**Dataset content:**
==*==

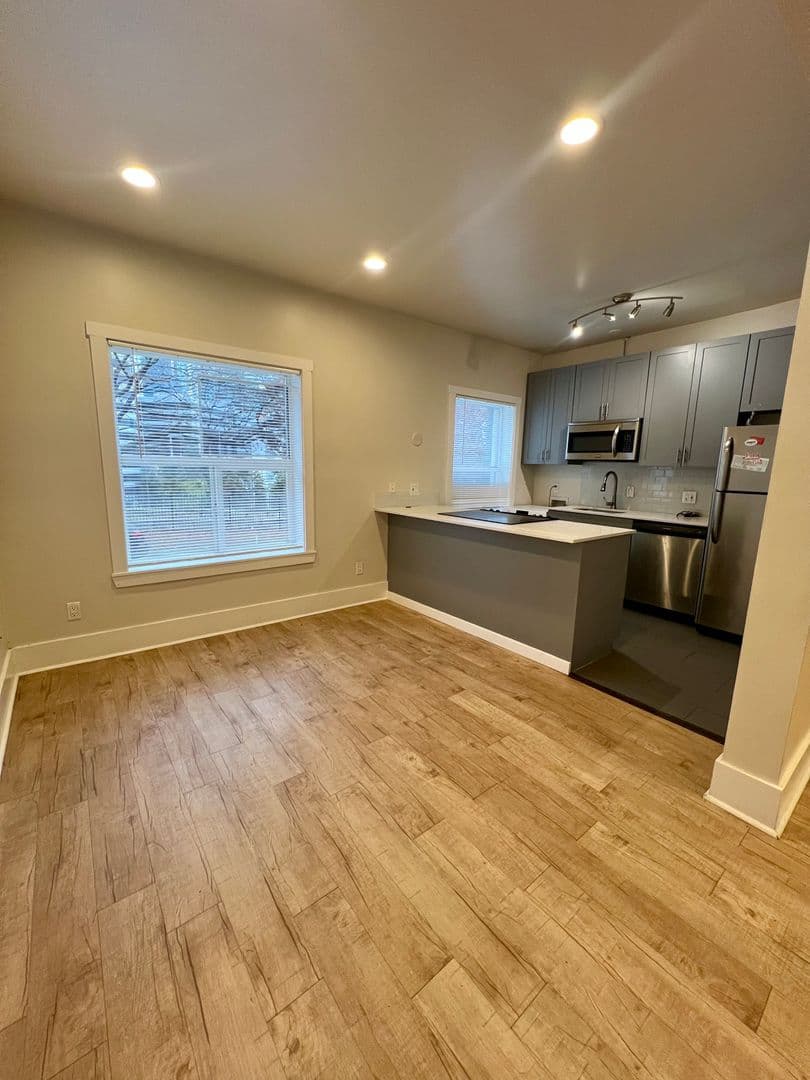 Seattle Apartment: 304 E Olive Place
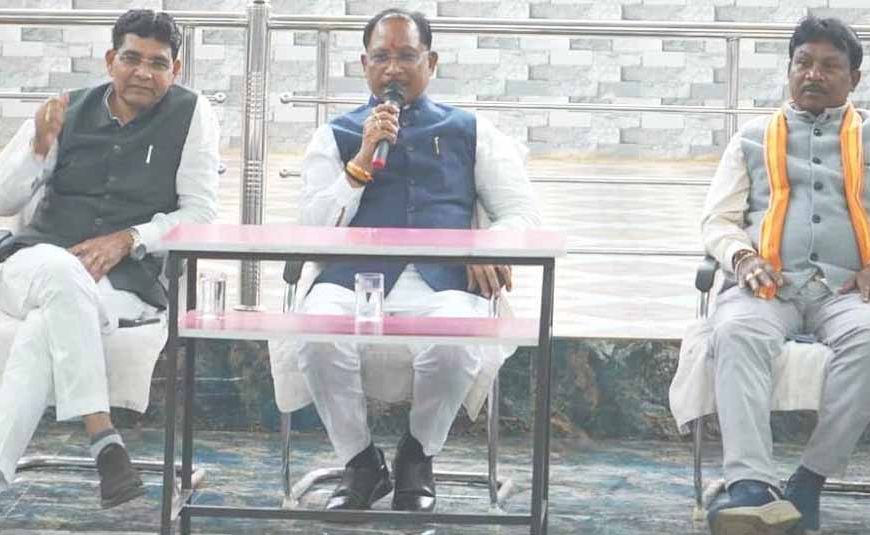 नारायणपुर के परीयना दिव्यांग आवासीय विद्यालय को बस देने की घोषणा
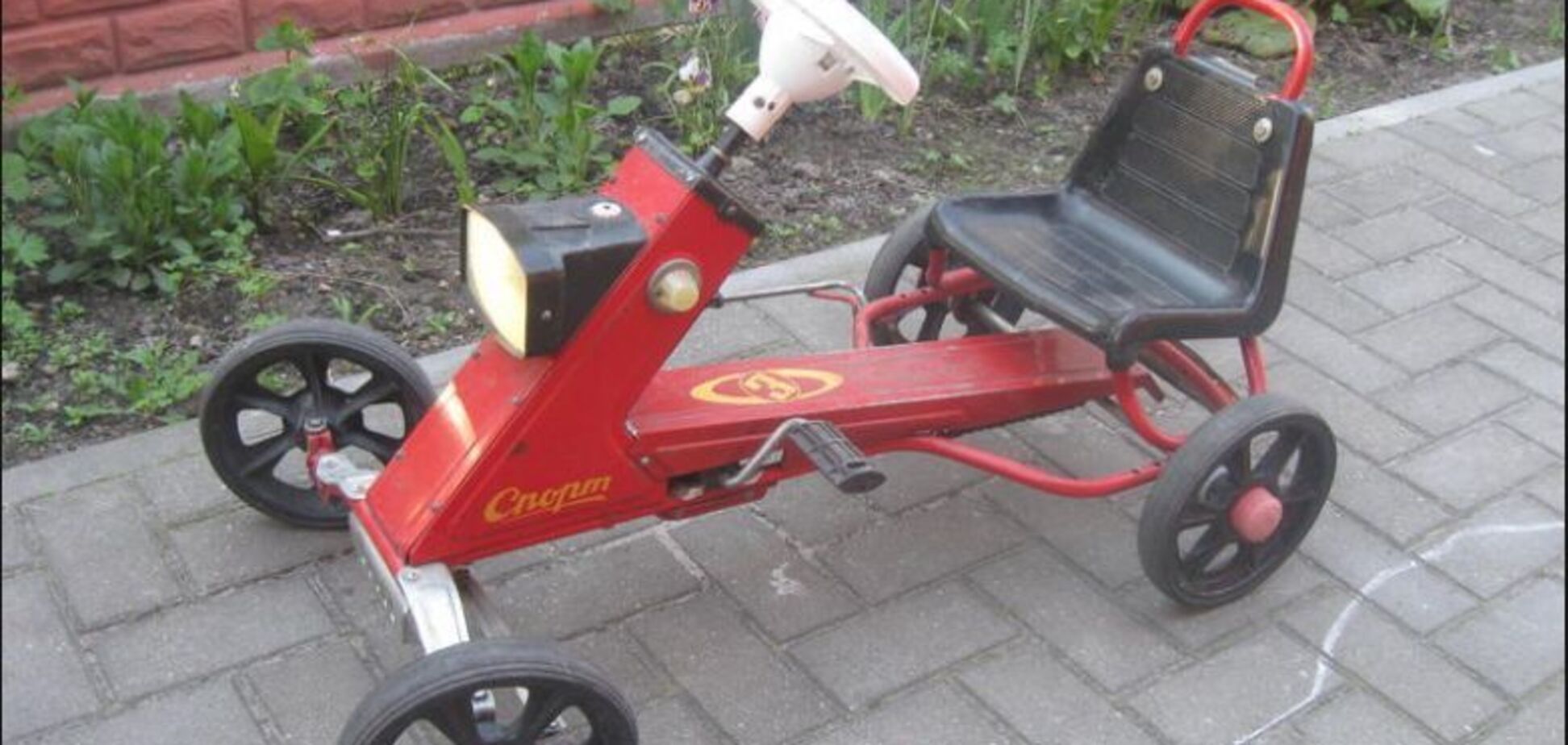 Валяется на чердаке: украинцам рассказали, как заработать на барахле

==*==

**Exercise directions:** Would you reproduce each line of the material exactly, omitting the images?

**Reply to the task:**
 Seattle Apartment: 304 E Olive Place
 नारायणपुर के परीयना दिव्यांग आवासीय विद्यालय को बस देने की घोषणा
 Валяется на чердаке: украинцам рассказали, как заработать на барахле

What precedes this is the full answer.